Five of the most influential female designers
Celebrate International Women's Day with some of the most influential female designers of the 20th century
Lucienne Day, 1917-2010
You'll quite possibly be familar with Lucienne Day's 'Calyx' fabric. Perhaps you remember seeing it made up into cushions or curtains in stylish, contemporary homes as you were growing up? Lucienne Day was not one to hang off the coat-tails of her husband, renowned furniture designer Robin Day. After she caught the eye of tastemakers at the 1951 Festival of Britain, her fabrics became the go-to for interior designers of the 1950s and '60s. She went on to become the first female Master of the elite Faculty of Royal Designers for Industry and her textiles can still be bought today.
Marjatta Metsovaara, 1927-2014
Think of Scandinavian design and it's most likely pared back interiors and simple wooden furniture come to mind. It's less likely you'll think of vibrant fabrics akin to those of David Hicks and Lucienne Day. That is, until you've seen the designs of Marjatta Metsovaara - the Finnish textile master whose bright patterns illuminated households darkened by post-war austerity.
Image: Metsovaara's home archive
Florence Knoll, born 1917
Born to a baker and orphaned at the age of 12, Florence Knoll developed a passion for architecture and design at a young age - and she later went on to study at Cranbrook Academy of Art. After meeting her husband, furniture designer Hans Knoll, in 1941, the two became a powerhouse of creativity and developed Knoll into an international design brand. To this day, her contributions to Knoll, and to the modernist design movement, are immeasurable.
Eileen Gray, 1878-1976
The sleek lines and ingenious proportions of Eileen Gray's height-adjustable side table (E 1027) is synonymous with classic 20th-century design. Originally starting her career as a specialist in lacquer work and cabinetmaking, Gray swiftly became beloved by the first followers of art deco and in 1922 she opened up her own gallery, Jean Désert, in Paris.
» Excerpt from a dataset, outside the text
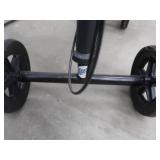 KNEE ROVER / KNEE CYCLE STEERABLE WALKER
She is regarded as a pivotal figure in the modernist movment, and her timeless chrome designs still look current in a contemporary home.
Image: Aram Store
Ray Eames, 1912-1988
Ray's creative designs, along with those of her husband Charles, were a tour de force in 20th-century design. Ray was already blazing a trail in abstract art before she met Charles and they began their collaboration on designs that led to pioneering work on fibreglass furniture and using plastic resin.
Image: © Eames Office, LLC (eames office.com)
The 8th of March each year marks International Women's Day. A day designed to mark the social, economic, political and cultural archievements of women throughout the decades.
So what better day to celebrate the work of some of the world's most influential female designers?